**Prompt:** Make an exact copy of the records that follow, with each picture omitted.

─── Input records ───

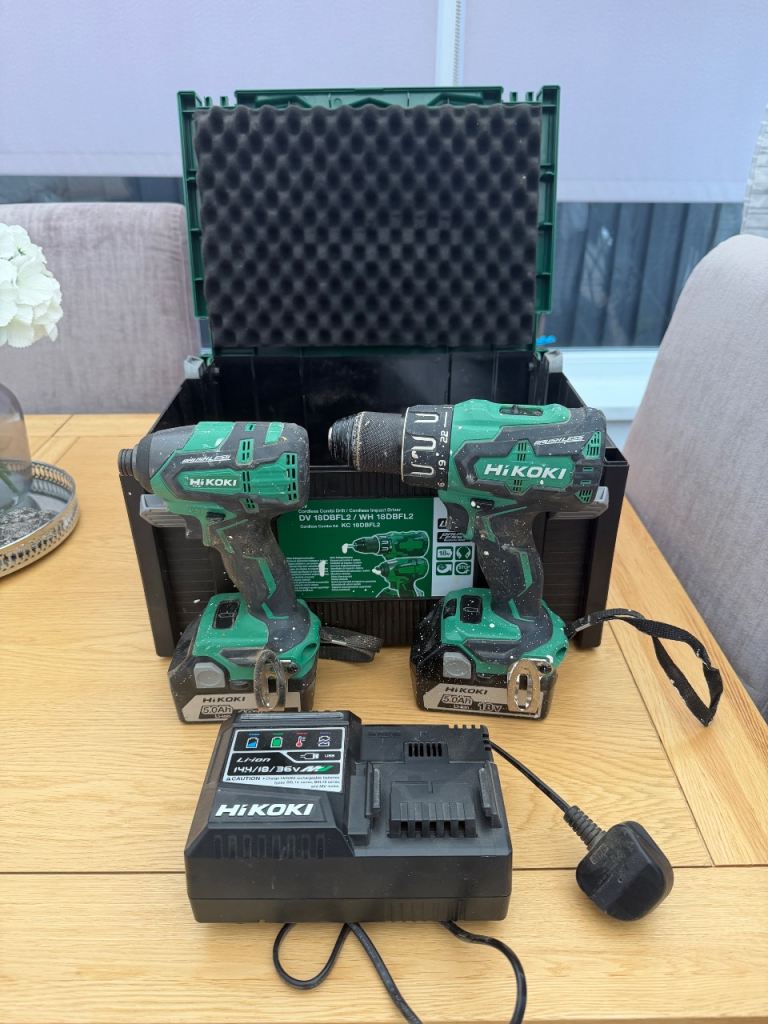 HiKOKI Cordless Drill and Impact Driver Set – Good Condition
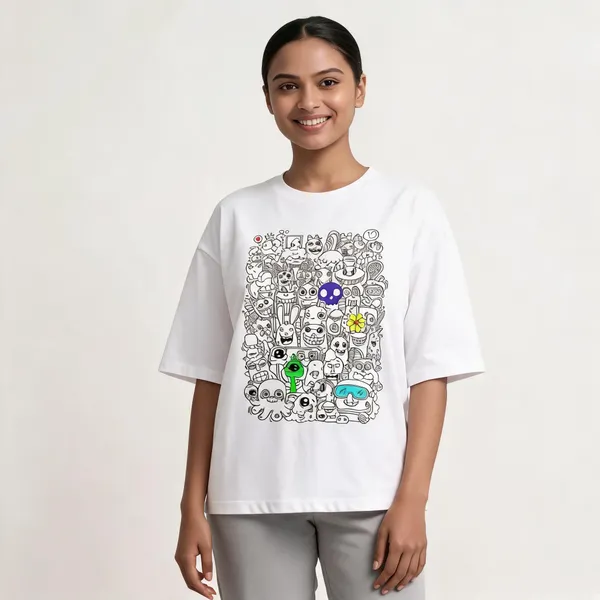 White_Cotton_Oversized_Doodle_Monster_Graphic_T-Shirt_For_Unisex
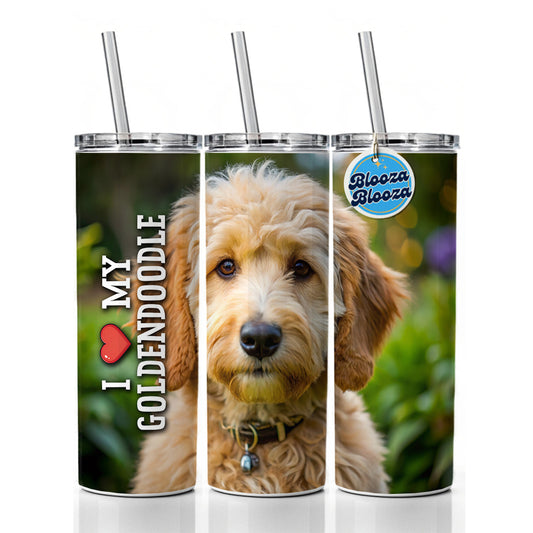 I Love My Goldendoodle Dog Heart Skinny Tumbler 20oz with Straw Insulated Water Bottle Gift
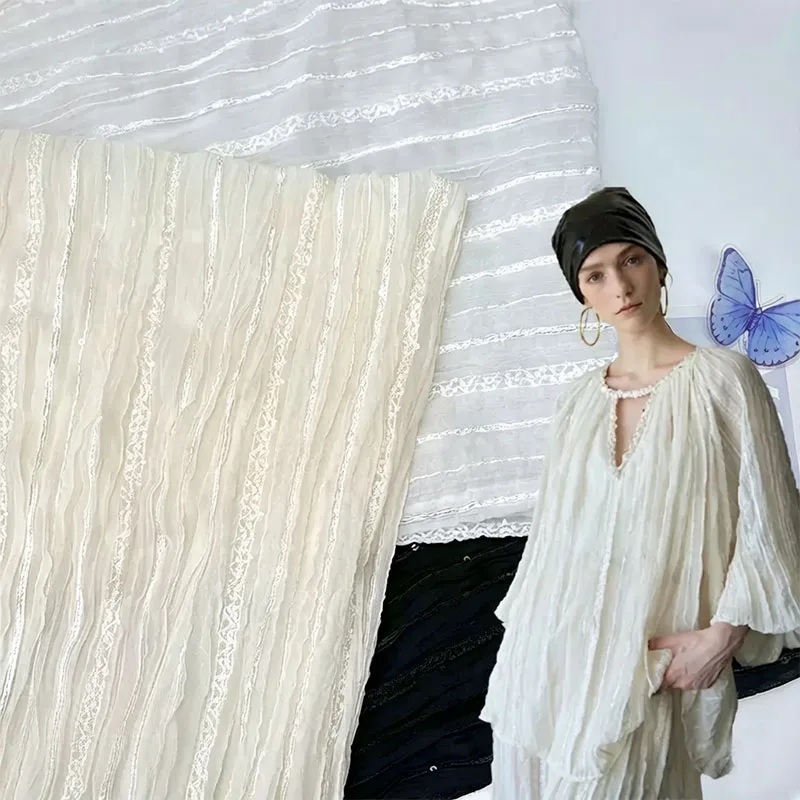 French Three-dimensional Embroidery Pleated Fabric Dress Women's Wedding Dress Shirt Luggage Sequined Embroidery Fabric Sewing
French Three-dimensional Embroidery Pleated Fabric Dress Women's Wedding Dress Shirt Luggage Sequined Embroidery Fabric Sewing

───

**Your solution:**
 HiKOKI Cordless Drill and Impact Driver Set – Good Condition
 White_Cotton_Oversized_Doodle_Monster_Graphic_T-Shirt_For_Unisex
 I Love My Goldendoodle Dog Heart Skinny Tumbler 20oz with Straw Insulated Water Bottle Gift
 French Three-dimensional Embroidery Pleated Fabric Dress Women's Wedding Dress Shirt Luggage Sequined Embroidery Fabric Sewing
French Three-dimensional Embroidery Pleated Fabric Dress Women's Wedding Dress Shirt Luggage Sequined Embroidery Fabric Sewing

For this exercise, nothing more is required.